The U.S. Supreme Court upheld a 2010 Third Circuit Court of Appeals ruling on the propriety of strip searches for minor offenses in an April 2 decision.
The case, Florence v. Board of Chosen Freeholders of the County of Burlington, dealt with the strip search of a man on a minor traffic offense, finding that such searches were okay under the law.
Writing for the majority, Justice Anthony M. Kennedy stated that corrections officers may strip-search an inmate to prevent the smuggling of weapons and drugs and to prevent the spread of disease, reports The Philadelphia Inquirer.
Albert Florence brought the case. Seven years ago he was arrested during a traffic stop and was mistakenly charged with contempt of court for failure to pay a fine. He was erroneously held in jail for one week, despite the fact that the fine had been paid.
During the course of his detention, he was subject to two strip searches. While New Jersey law mandates that all state prison inmates can be strip-searched, county jails only allow strip searches for violent criminals or those charged with serious offenses, reports the Inquirer.

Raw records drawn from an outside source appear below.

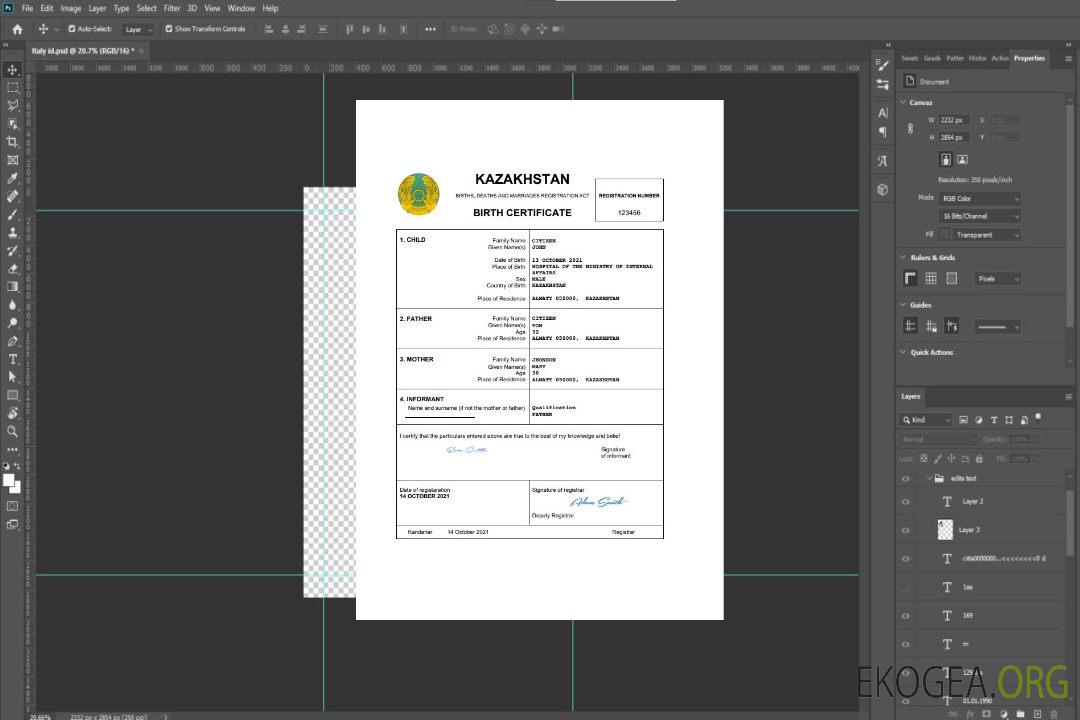 Modèle Word et PDF d'acte de naissance d'acte d'état civil du Kazakhstan template
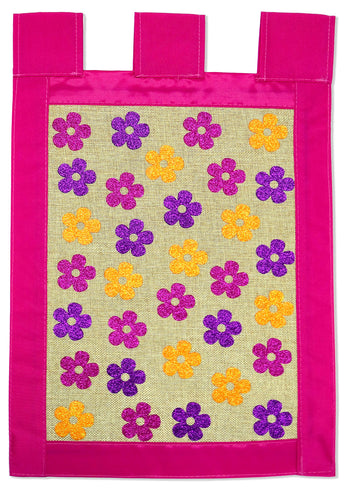 Cute Floral Pattern Burlap - Floral Spring Vertical Applique Decorative Flags HGE80007 Imported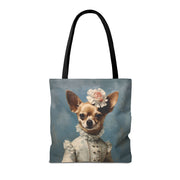 Elegant Chihuahua Canvas Tote Bag, Victorian-Inspired, Perfect Gift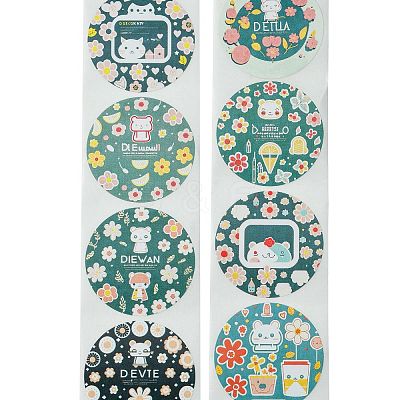 Cartoon Patterns Paper Gift Sticker Rolls DIY-R083-03D-1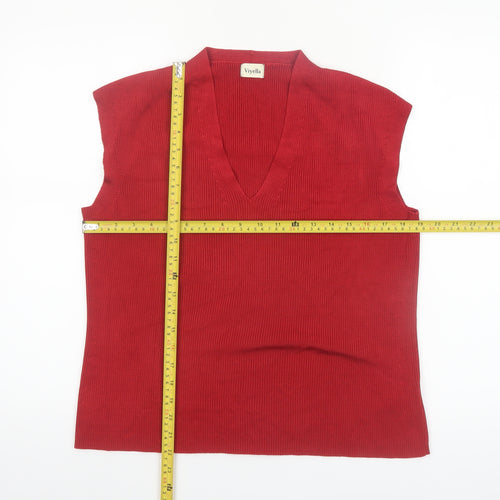 Viyella Women's Red Sleeveless Knit V-Neck Tank Top XL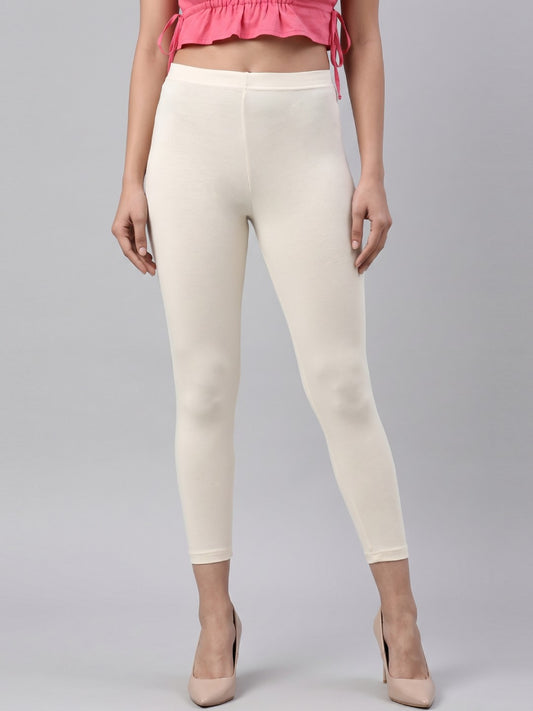 Ecru Cotton Stretch Cropped Leggings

But these weren't just strip searches for contraband. Florence, a finance manager at a car dealership, was subject to a degrading strip search for disease, tattoos and scars as well.
In the dissent, however, the four liberal justices stated that jail strip searches should be limited to those cases where officers have reasonable suspicion. The dissenting justices cited that these searches are "inherently harmful, humiliating and degrading."
Do the safety and big-picture interests of jails outweigh the Fourth Amendment interests of low-level (or in this case, no-level) offenders?